Why does adding inline assembly comments cause such radical change in GCC's generated code?

Solution 1:

The interactions with optimisations are explained about halfway down the "Assembler Instructions with C Expression Operands" page in the documentation.

GCC doesn't try to understand any of the actual assembly inside the asm; the only thing it knows about the content is what you (optionally) tell it in the output and input operand specification and the register clobber list.

In particular, note:

An asm instruction without any output operands will be treated identically to a volatile asm instruction.

and

The volatile keyword indicates that the instruction has important side-effects [...]

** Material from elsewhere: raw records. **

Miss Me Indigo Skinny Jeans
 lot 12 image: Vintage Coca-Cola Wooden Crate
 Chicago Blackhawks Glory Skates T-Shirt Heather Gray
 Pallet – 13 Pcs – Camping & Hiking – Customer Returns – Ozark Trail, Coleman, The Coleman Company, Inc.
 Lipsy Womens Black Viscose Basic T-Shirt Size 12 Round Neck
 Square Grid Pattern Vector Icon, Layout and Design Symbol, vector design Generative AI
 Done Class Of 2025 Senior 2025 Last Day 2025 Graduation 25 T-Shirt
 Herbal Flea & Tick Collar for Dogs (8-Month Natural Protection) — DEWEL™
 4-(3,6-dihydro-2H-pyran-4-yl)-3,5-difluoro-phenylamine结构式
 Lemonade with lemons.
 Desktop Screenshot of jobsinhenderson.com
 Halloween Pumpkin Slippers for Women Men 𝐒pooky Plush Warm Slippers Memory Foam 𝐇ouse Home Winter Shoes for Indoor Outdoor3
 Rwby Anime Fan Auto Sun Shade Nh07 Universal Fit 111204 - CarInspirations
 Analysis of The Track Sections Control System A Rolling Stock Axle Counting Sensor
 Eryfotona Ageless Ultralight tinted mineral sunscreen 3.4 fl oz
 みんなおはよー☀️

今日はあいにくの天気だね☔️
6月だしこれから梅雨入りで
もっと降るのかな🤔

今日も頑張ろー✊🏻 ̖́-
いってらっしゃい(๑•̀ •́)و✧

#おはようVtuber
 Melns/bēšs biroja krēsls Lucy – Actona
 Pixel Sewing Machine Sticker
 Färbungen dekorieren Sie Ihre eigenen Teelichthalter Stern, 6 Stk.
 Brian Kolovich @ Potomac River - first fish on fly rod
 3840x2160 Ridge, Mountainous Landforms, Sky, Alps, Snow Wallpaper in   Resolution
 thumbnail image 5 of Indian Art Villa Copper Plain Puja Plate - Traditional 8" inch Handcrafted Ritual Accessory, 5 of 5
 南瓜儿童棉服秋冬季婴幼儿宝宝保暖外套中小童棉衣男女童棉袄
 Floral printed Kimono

So the presence of the asm inside your loop has inhibited a vectorisation optimisation, because GCC assumes it has side effects.

Solution 2:

Note that gcc vectorized the code, splitting the loop body into two parts, the first processing 16 items at a time, and the second doing the remainder later.

As Ira commented, the compiler doesn't parse the asm block, so it does not know that it's just a comment. Even if it did, it has no way of knowing what you intended. The optmized loops have the body doubled, should it put your asm in each? Would you like it that it isn't executed 1000 times? It doesn't know, so it goes the safe route and falls back to the simple single loop.

Solution 3:

I don't agree with the "gcc doesn't understand what is in the asm() block". For example, gcc can deal quite well with optimising parameters, and even re-arranging asm() blocks such that it intermingles with the generated C code. This is why, if you look at inline assembler in for example the Linux kernel, it is nearly always prefixed with __volatile__ to ensure that the compiler "doesn't move the code around". I have had gcc move my "rdtsc" around, which made my measurements of the time it took to do certain thing.

As documented, gcc treats certain types of asm() blocks as "special", and thus doesn't optimise the code either side of the block.

That's not to say that gcc won't, sometimes, get confused by inline assembler blocks, or simply decide to give up on some particular optimisation because it can't follow the consequences of the assembler code, etc, etc. More importantly, it can often get confused by missing clobber tags - so if you have some instruction like cpuid that changes the value of EAX-EDX, it but you wrote the code so that it only uses EAX, the compiler may store things in EBX, ECX and EDX, and then your code acts very strange when these registers are overwritten... If you are lucky, it crashes immediately - then it's easy to figure out what goes on. But if you are unlucky, it crashes way down the line... Another tricky one is the divide instruction that give a second result in edx. If you don't care about the modulo, it's easy to forget that EDX was changed.